PONTIANAK, SP – Keluarga Swandono
Adijanto
diduga terlibat gartifikasi dengan mantan Kepala Kantor Wilayah Badan
Pertanahan Nasional (BPN) Provinsi
Kalbar, A Samad Sormaga.
Dari informasi yang diterima Suara Pemred, sudah dua kali surat pemanggilan pihak Kejaksaan
Tinggi yang ditanda tangani Asisten Intel Kejati Kalbar, Candra Yahya Ello
tidak dipenuhi Swandono Adijanto.
Surat pemanggilan pertama tertanggal Selasa 6 Agustus
2019 pukul 09.30 WIB, dan surat
pemanggilan kedua pada Rabu 23 Oktober 2019 pukul 09.00 WIB.

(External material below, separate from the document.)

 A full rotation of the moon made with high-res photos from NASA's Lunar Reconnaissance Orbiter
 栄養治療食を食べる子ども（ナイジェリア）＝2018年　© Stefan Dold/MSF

Pemanggilan tersebut, merupakan upaya aparat penegak
hukum untuk meminta keterangan sehubungan dengan adanya dugaan gratifikasi
dalam mekanisme penerbitan sertifikat hak milik yang tidak sesuai dengan
ketentuan yang berlaku.
Syarif Usman Almuthahar selaku kuasa ahli waris pemilik
tanah menyebutkan
Swandono
Adijanto
tidak memenuhi pemanggilan tim pemeriksa dari Kejaksaan Tinggi Kalbar tersebut.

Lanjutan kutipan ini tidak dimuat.